GIVEN MATERIAL below:

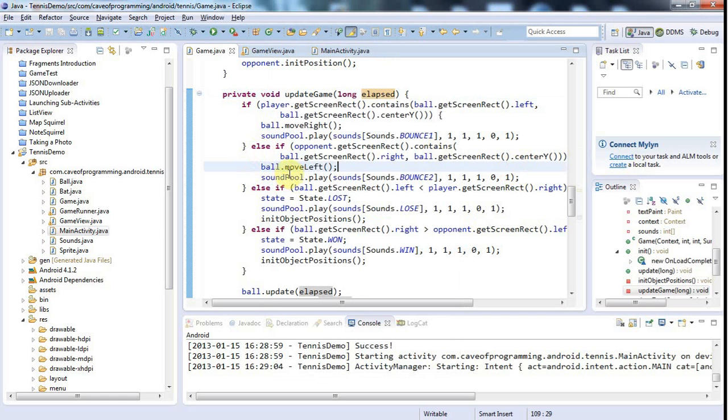Of course this is a very minimal game and there's so much you could do to improve this, like adding a score to it or turning it into a different game. But my object here was just to show you the basics of animation and sound, and if you get really serious about games you might want to take a look at an engine.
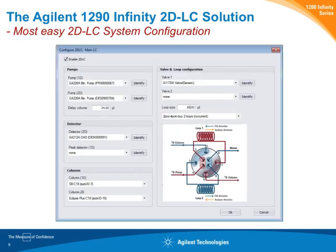From the hardware setup, you move to the software setup. You simply install an add-on onto the OpenLab ChemStation, and you are guided through a wizard where you specify your instrumentation — adding your pumps and detectors. When you add your valve configuration, you are guided on how to connect your valves. The solution supports various valve configurations: not only our dedicated 2DLC valve, but also a two-position 10-port valve or two two-position 6-port valves, and it ensures your connections are made correctly.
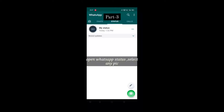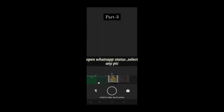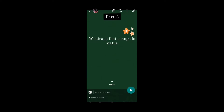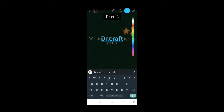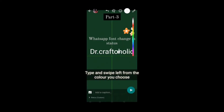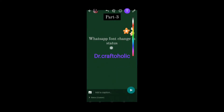If you want to change the color of the font in WhatsApp status, you can use this trick. Open WhatsApp status and select any picture. Type anything, then swipe left on the color bar to choose a color. As you can see, you can change the color of the font — it's as easy as that.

End of GIVEN MATERIAL.

» **PROBLEM DESCRIPTION**
Once the images are set aside, retype all of the material above exactly.

» **RESPONSE TO THIS TASK**
Of course this is a very minimal game and there's so much you could do to improve this, like adding a score to it or turning it into a different game. But my object here was just to show you the basics of animation and sound, and if you get really serious about games you might want to take a look at an engine.
From the hardware setup, you move to the software setup. You simply install an add-on onto the OpenLab ChemStation, and you are guided through a wizard where you specify your instrumentation — adding your pumps and detectors. When you add your valve configuration, you are guided on how to connect your valves. The solution supports various valve configurations: not only our dedicated 2DLC valve, but also a two-position 10-port valve or two two-position 6-port valves, and it ensures your connections are made correctly.
If you want to change the color of the font in WhatsApp status, you can use this trick. Open WhatsApp status and select any picture. Type anything, then swipe left on the color bar to choose a color. As you can see, you can change the color of the font — it's as easy as that.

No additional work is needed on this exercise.